However, storage at ambient temperatures remains a challenge. To overcome the limitations of the driving ranges in fuel-cell vehicles when using adsorption-based hydrogen storage technology, researchers have been developing different methods to increase the performance of MOF materials at higher temperatures. For example, open metal sites in the framework can act as strong adsorption sites for hydrogen loading at ambient temperatures. Lim et al. synthesized Be-based MOF (Be-BTB) with open metal sites. The Be-BTB material with a high BET surface area of 4400 m2/g presented a hydrogen adsorption capacity of 2.3 wt% at 298 K and 100 bar, which is much higher than that of the previous studies [135]. In addition, doping with metal ions or incorporating carbon-based materials may introduce a hydrogen spillover effect (HSPE) that can improve the hydrogen storage capacity of materials at room temperature. The HSPE is a surface phenomenon in which active hydrogen atoms generated by the dissociation of hydrogen molecules on metal surface migrate to the support surface and take part in the catalytic reaction of substance adsorbed on that site [136,137]. There are two conditions ensuring the HSPE can occur. First, there is the existence of metals capable of adsorbing dissociated hydrogen to convert hydrogen molecules into hydrogen atoms or hydrogen ions. Second, there is the presence of an acceptor for active hydrogen species and a channel and driver for the transfer of reactive hydrogen species [138]. The discovery of the HSPE has opened a new strategy in designing efficient catalysts. Especially, the HSPE has attracted much attention as one of the most potential technologies for enhancing the hydrogen storage performance of porous materials including MOFs at ambient temperature. The capacity of materials with induced hydrogen spillover was approximately five times higher than that of pristine MOFs [139]. Yang and co-workers doped 10 wt% Pt/AC catalysts into isoreticular MOF (IRMOF) materials to form a bridging spillover structure between carbon bridges and hydrogen spillovers, leading to a significant enhancement in the hydrogen storage performance. At 298 K and 100 bar, the hydrogen storage capacities of IRMOF-1 and IRMOF-8 increased from 0.4 to 3 wt% and from 0.5 to 4 wt%, respectively [140,141]. Table 7 summarizes the hydrogen storage capacities of some MOF materials.

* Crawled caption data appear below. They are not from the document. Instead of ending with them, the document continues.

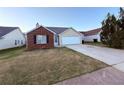 Inviting single-story home with a brick accent, attached garage, and a neatly landscaped front yard at 11447 Vinea Ln, Hampton, GA 30228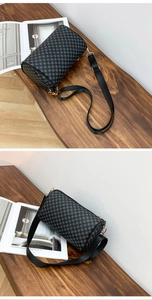 Macro view of black barrel bag featuring grey geometric patterns and gold metal hooks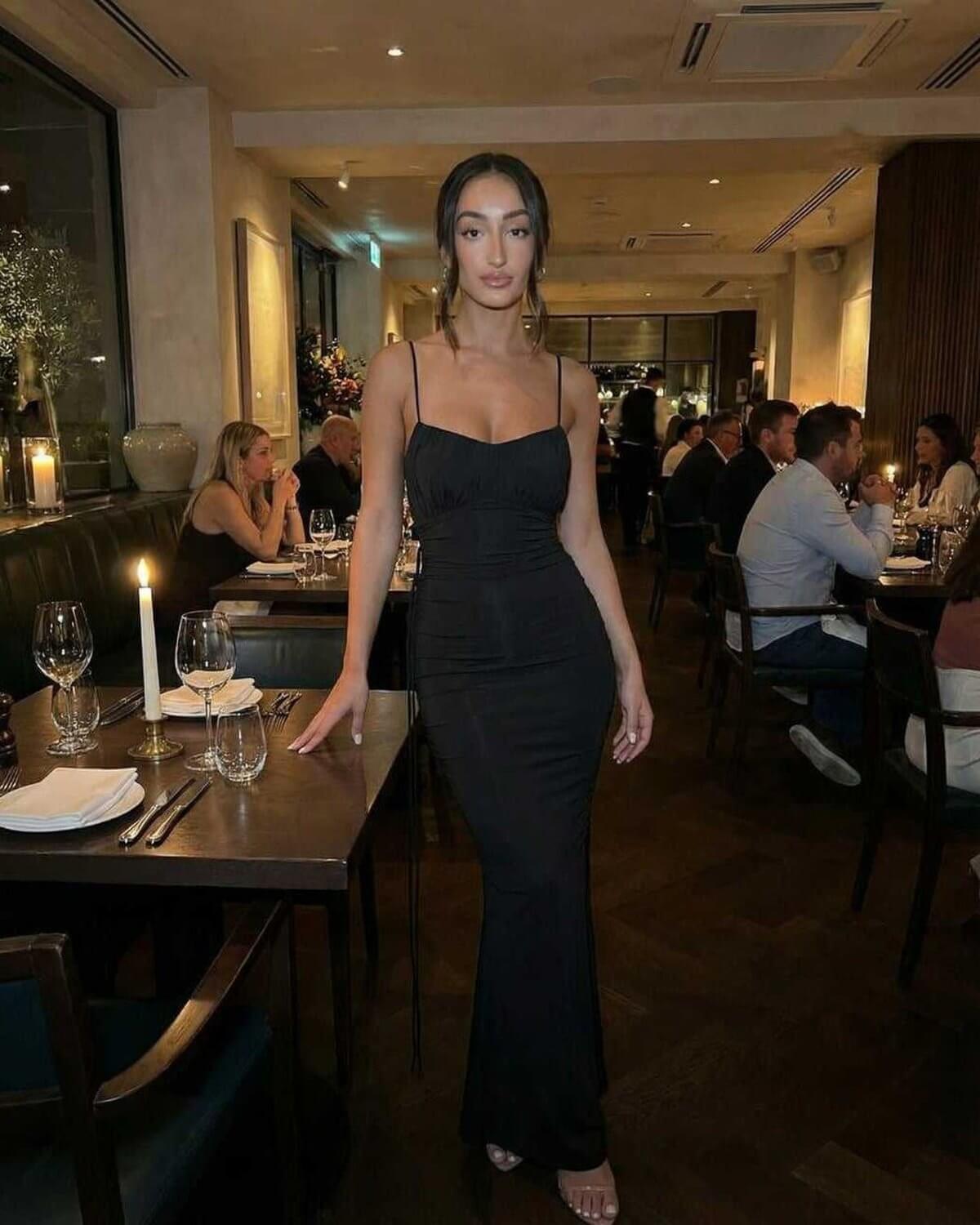 Isla Maxi Dress by Lauven - Black sleeveless spaghetti strap sheath dress, elegant fit in a restaurant setting.
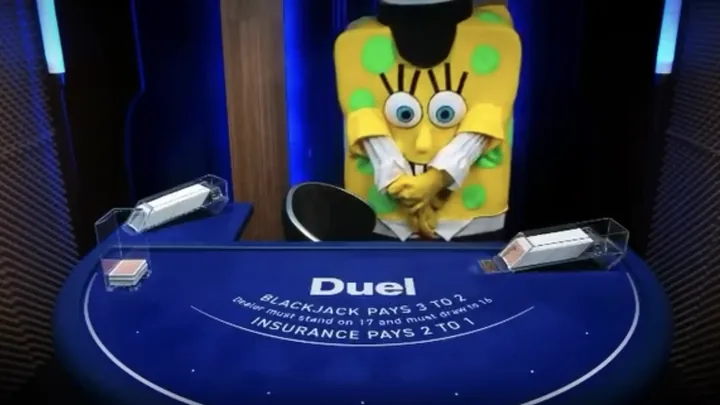 A yellow costume with green spots and oversized eyes standing at the dealer position of the Duel Blackjack table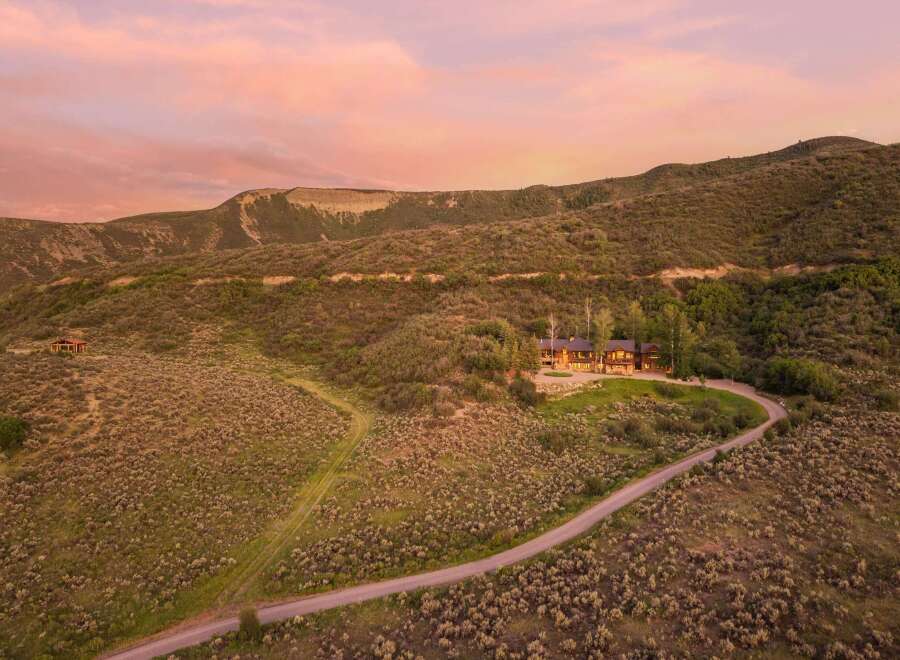 Experience luxury living in this stunning mountain estate, nestled amidst rolling hills and breathtaking sunset views.
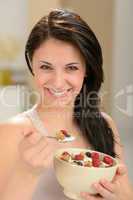 Attractive young woman eating bowl of cereal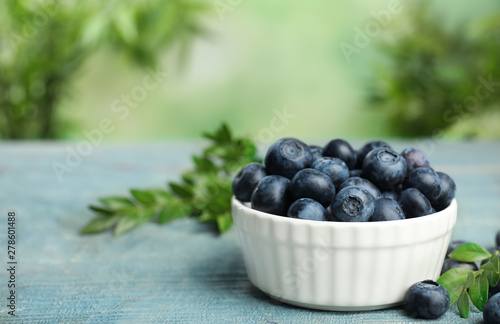 Bowl of tasty blueberries and leaves on wooden table against blurred green background, space for text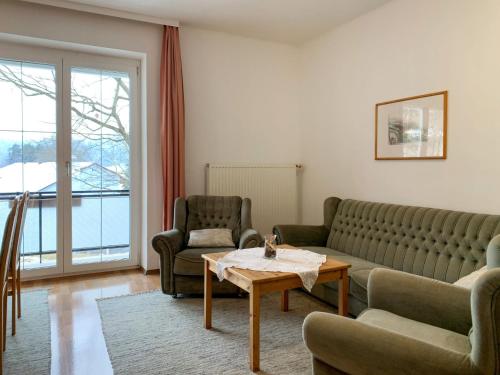 a living room with a couch and two chairs and a table at Apartment Meran-2 by Interhome in Görtschach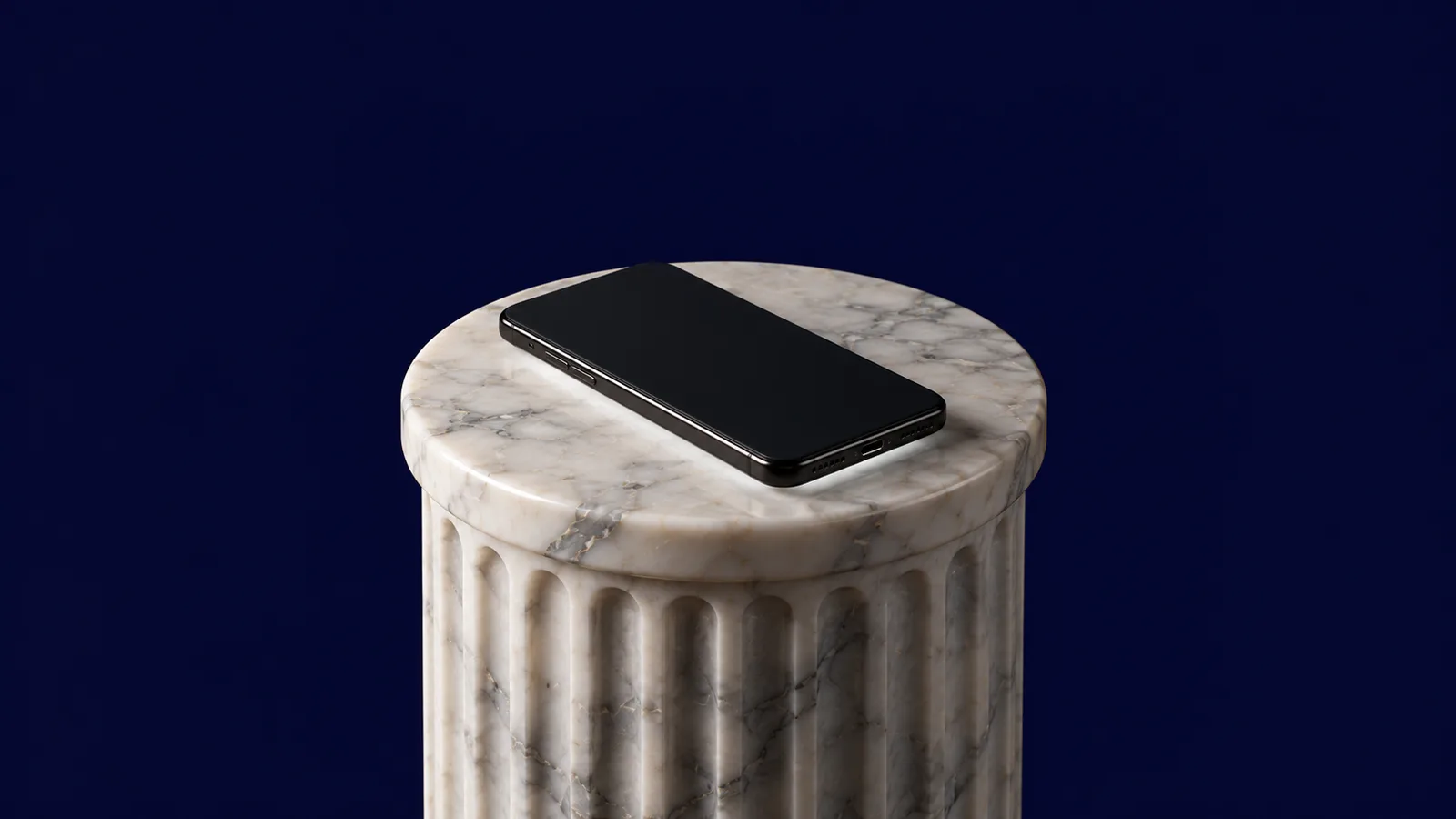 Colonna scanalata in marmo con uno smartphone nero spento sopra, fondo blu notte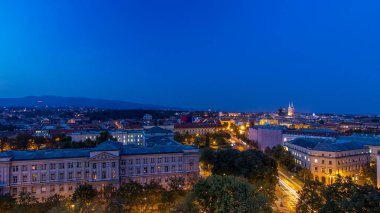 Panorama of the city center day to night transition timelapse shoot from top of the skyscraper with aerial view to intersection in front of national theater and museum in Zagreb, Croatia after sunset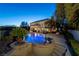 Night view of the pool with in-water bar stools and steps leading up to a waterfall feature at 9301 Queen Charlotte Dr, Las Vegas, NV 89145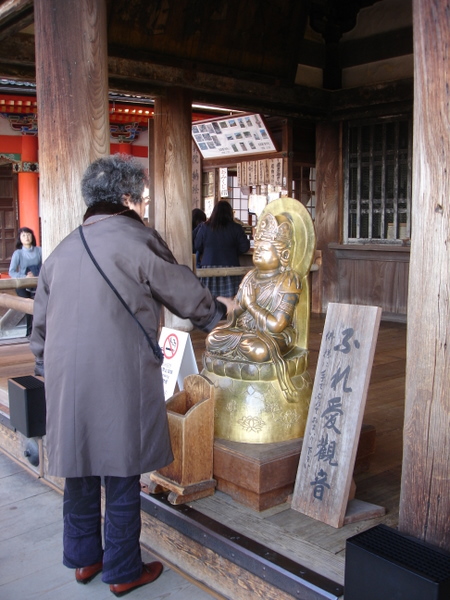 Rubbing the Buddha for luck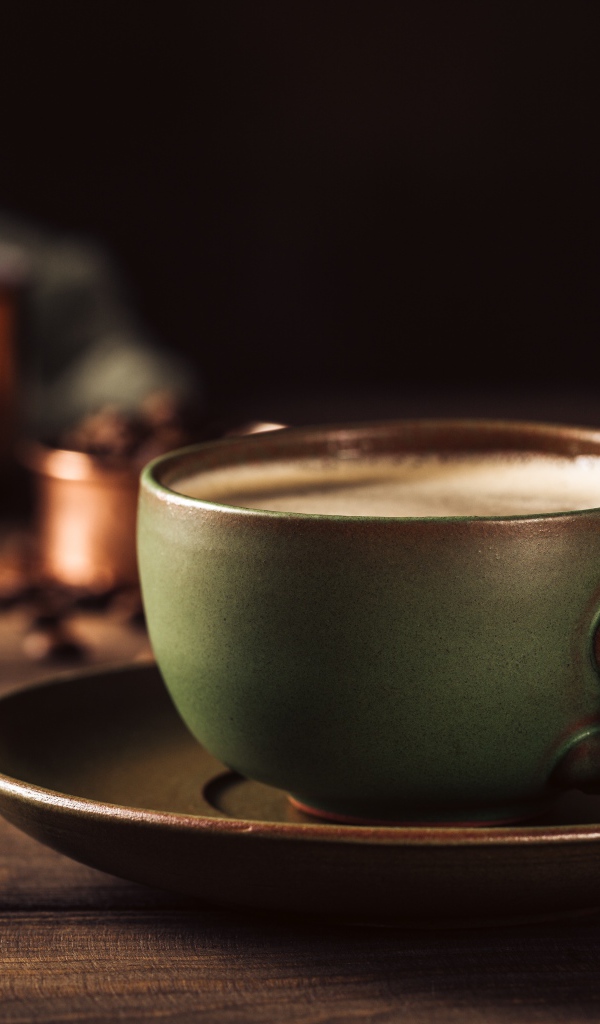 Большая чашка кофе на столе с кофейными зернами 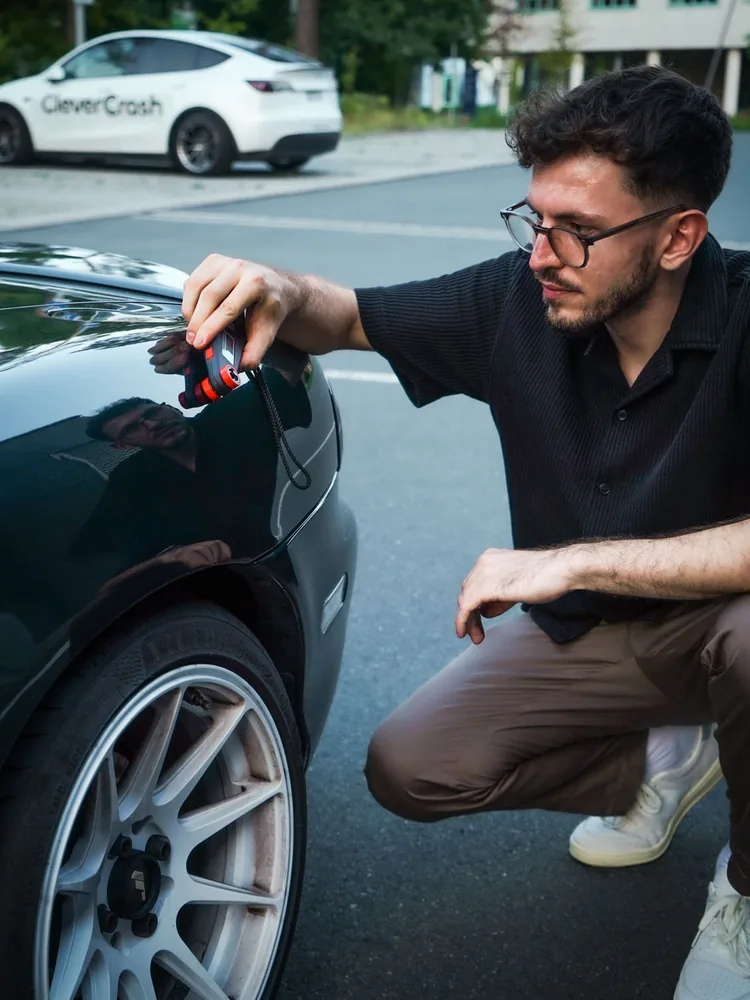 Maximilian Fromm misst die Lackschichtdicke an einem Fahrzeug
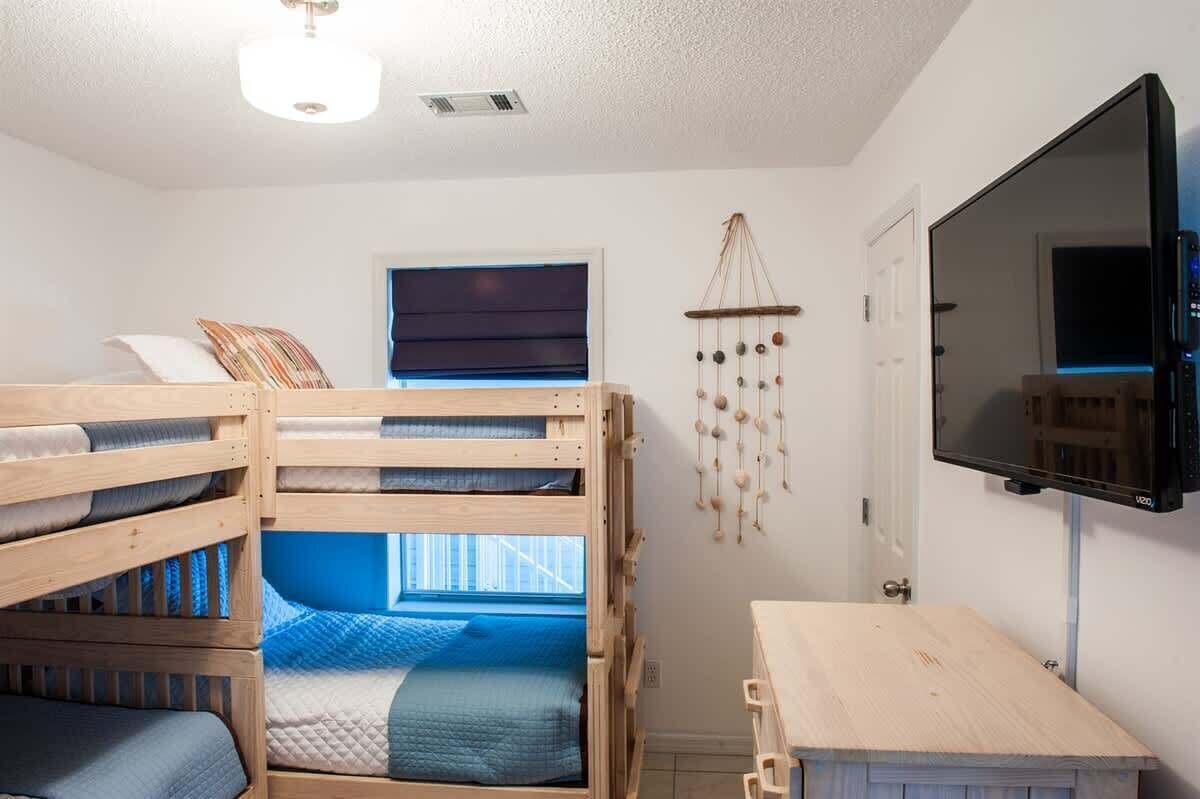 A room with bunk beds, a TV, a wall hanging, and a window.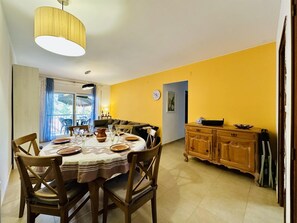 A dining area with a round table, chairs, a chandelier, a sofa, and a kitchen area with cabinets. - Caleta CostaBravaSi - Rest 650 m from the beach (Castell d'Aro)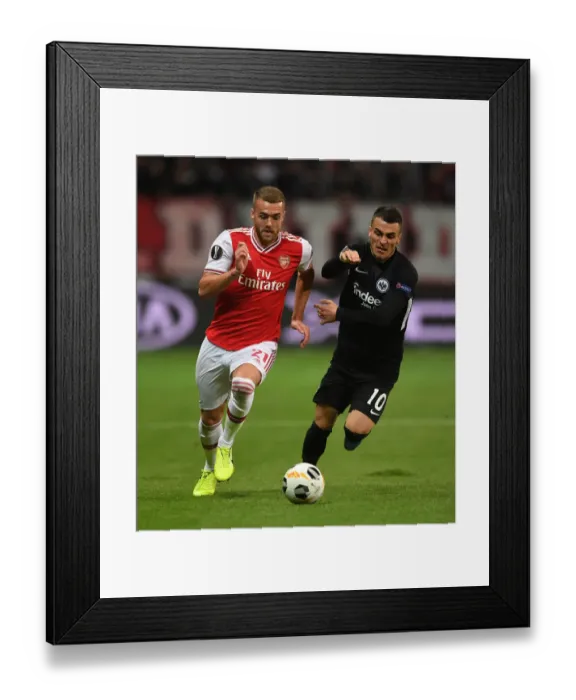 Framed Print : Chambers vs. Kostic: A Europa League Battle at the Heart of Arsenal-Eintracht Clash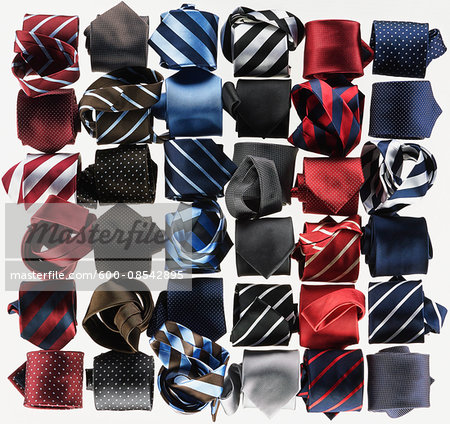 Group of necktie roled-up on white background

2.3. Advantages and Disadvantages of Physical Hydrogen Storage Materials

Hydrogen storage technologies play an extremely important role in the “hydrogen economy”. It is necessary to continuously improve and develop storage materials for the hydrogen industry. As mentioned in the Introduction section, compared to chemical storage materials, the outstanding properties (Table 8) of the physical absorbents and the fact that they do not release greenhouse gases facilitate the global energy transition proceeding effectively as well as achieving the global “net zero emission” target sooner. However, each physical material has both its strength and weakness. The limitations of these materials presented in Table 8 are still challenges in practical hydrogen storage applications.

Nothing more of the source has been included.